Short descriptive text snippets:
☆ ☆ ☆ ☆

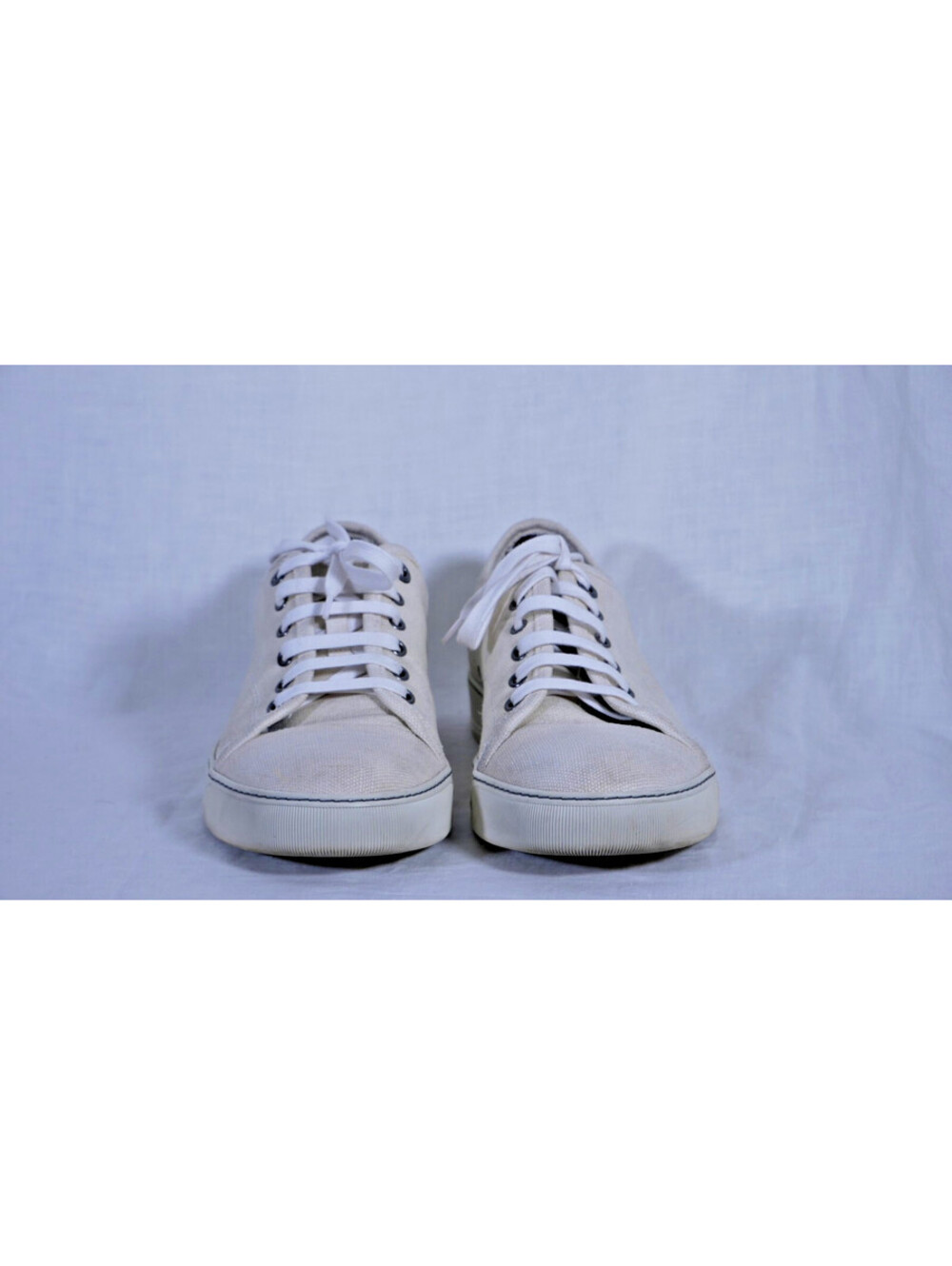 Lanvin Men’s Low-Top Canvas Sneakers DBB1 Off-White Size 11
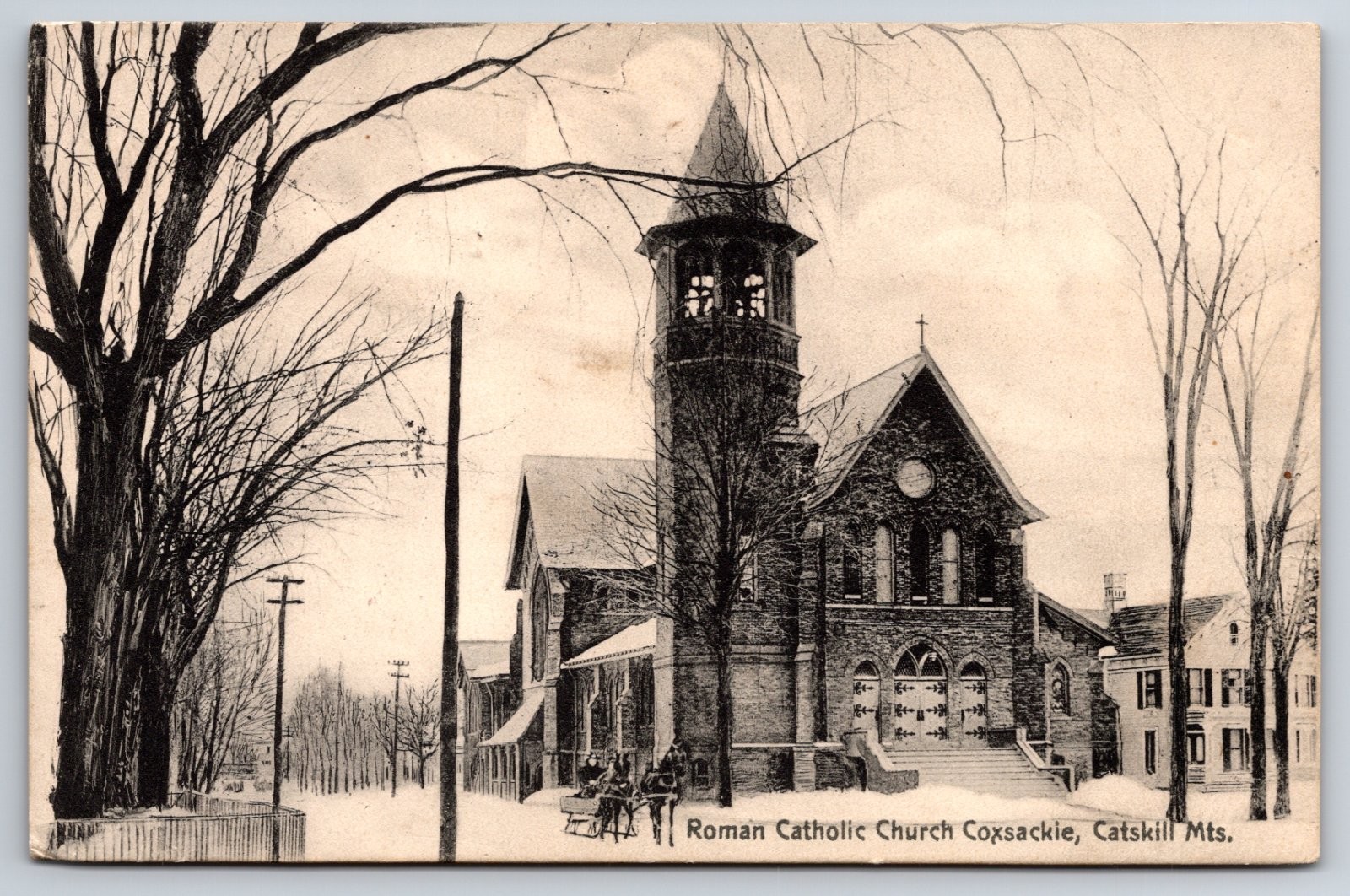 Roman Catholic Church Coxsackie New York Catskill Mountains Winter Snow Postcard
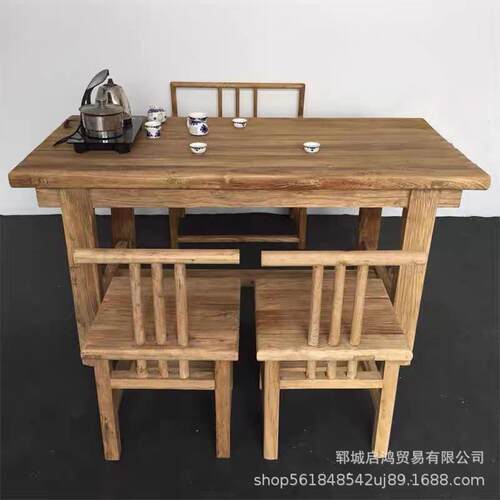 老榆木旧门板茶桌椅组合吧桌面YAQ茶茶复古泡餐台桌台风化木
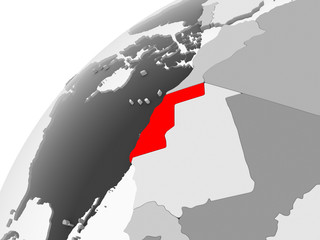 Western Sahara on grey political globe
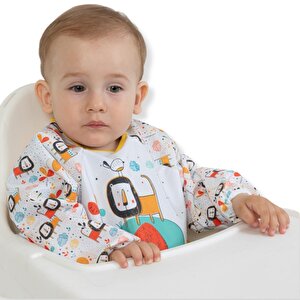 Sıvı Geçirmez Uzun Kollu Mama Ve Aktivite Önlüğü - Bebek Aslan ve Fil Desenli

☆ ☆ ☆ ☆

Assignment:
An exact repeat of all the data is required, pictures excluded.

The completed task:
 Lanvin Men’s Low-Top Canvas Sneakers DBB1 Off-White Size 11
 Roman Catholic Church Coxsackie New York Catskill Mountains Winter Snow Postcard
 老榆木旧门板茶桌椅组合吧桌面YAQ茶茶复古泡餐台桌台风化木
 Western Sahara on grey political globe
 Sıvı Geçirmez Uzun Kollu Mama Ve Aktivite Önlüğü - Bebek Aslan ve Fil Desenli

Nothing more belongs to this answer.